Raw data Block Start

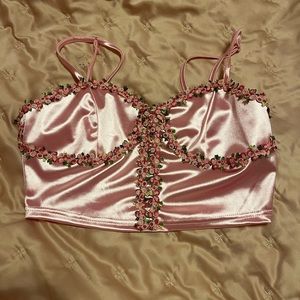 Pink Crop top with flowers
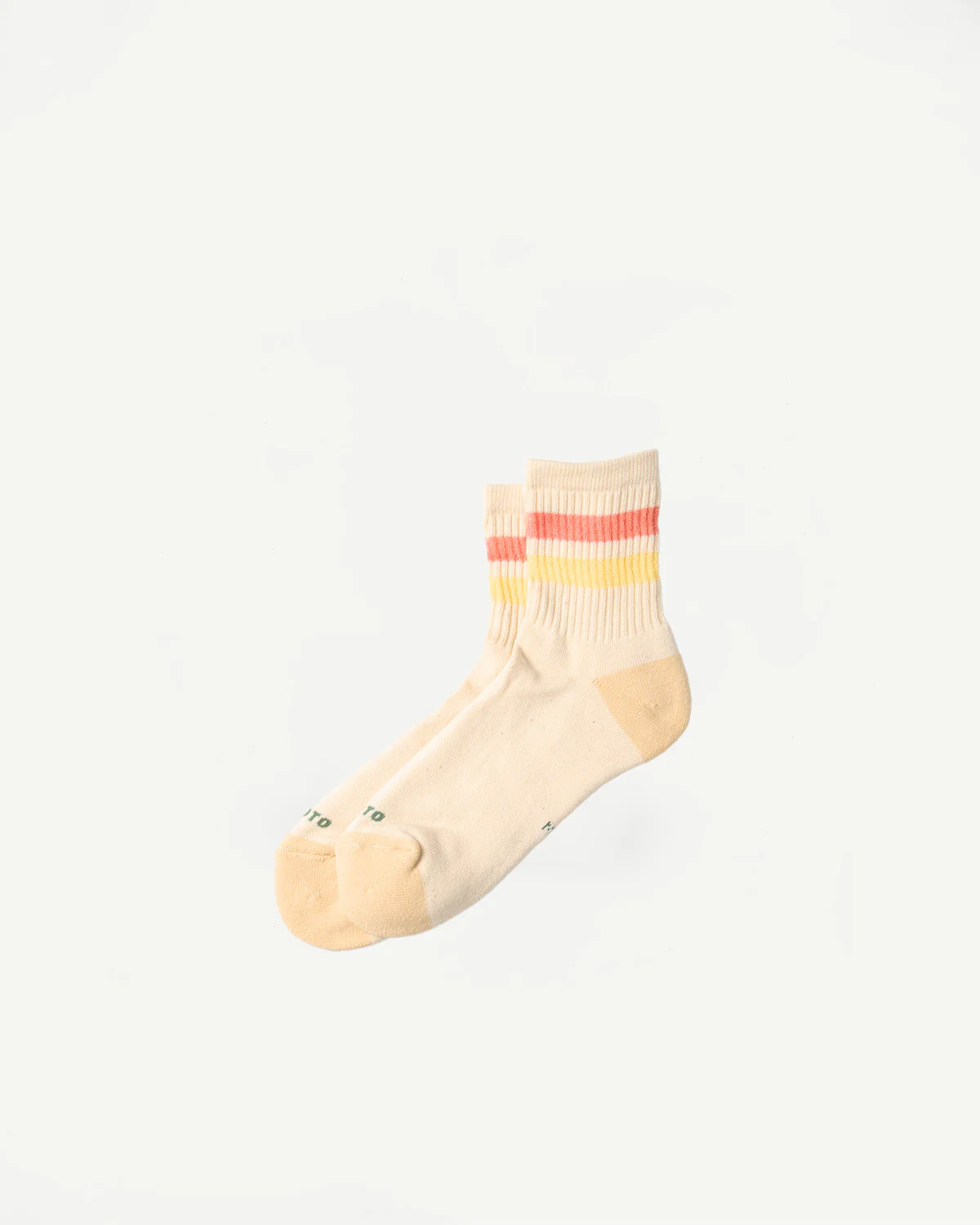 R1591 - Retro Athletic Ankle Sock - Coral, Light Yellow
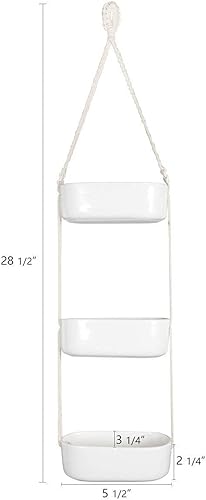 Miniatura 6 de Mkono Maceta colgante de cerámica de 3 niveles y mini macetas colgantes con colgadores de plantas para ventana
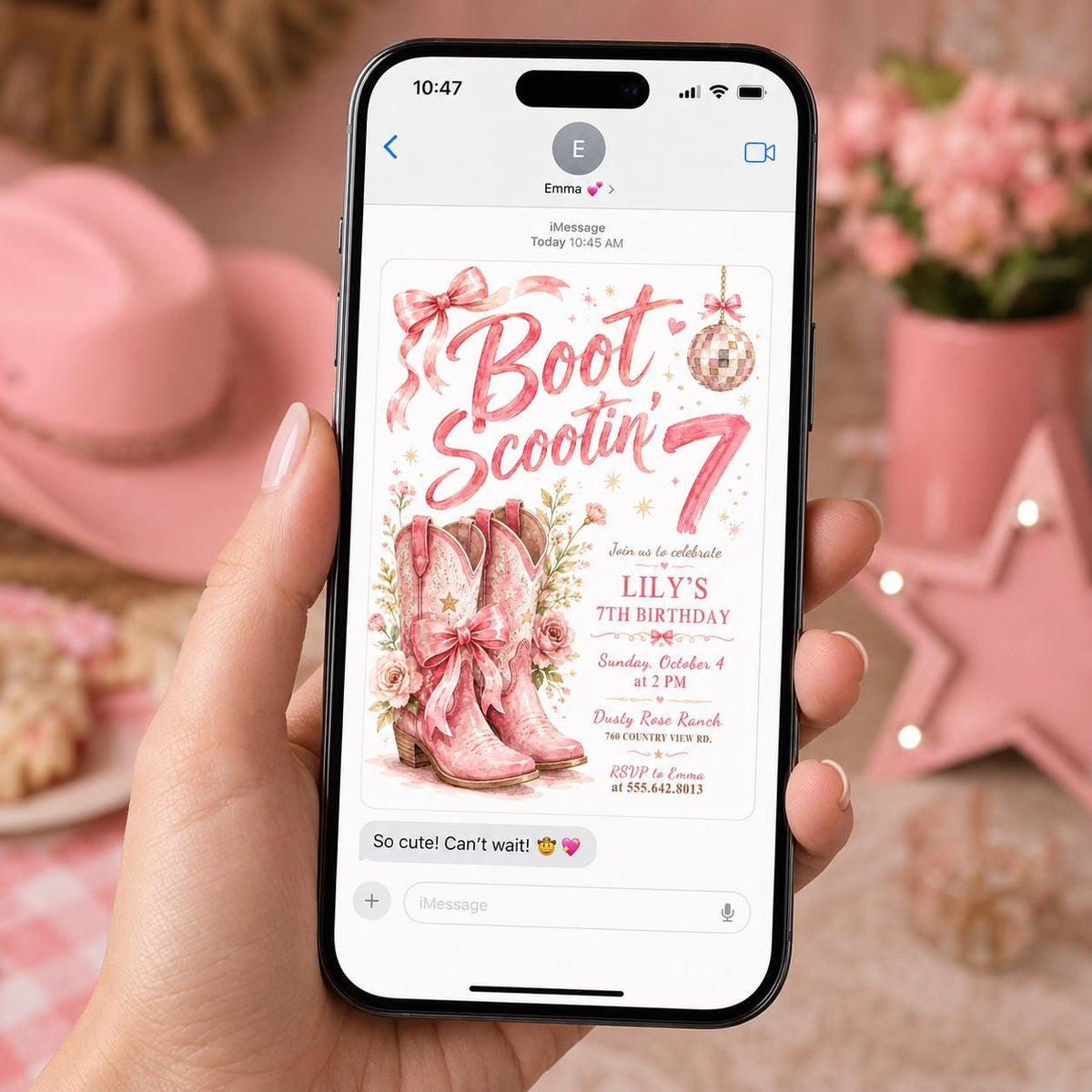 Disco Pink Cowgirl 7th Birthday Invitation for Girls — cowboy and ball design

Raw data Block End

* [Exercise description] Write out the data word for word. Any picture is to be skipped.

* [Solved problem]
 Pink Crop top with flowers
 R1591 - Retro Athletic Ankle Sock - Coral, Light Yellow
 Miniatura 6 de Mkono Maceta colgante de cerámica de 3 niveles y mini macetas colgantes con colgadores de plantas para ventana
 Disco Pink Cowgirl 7th Birthday Invitation for Girls — cowboy and ball design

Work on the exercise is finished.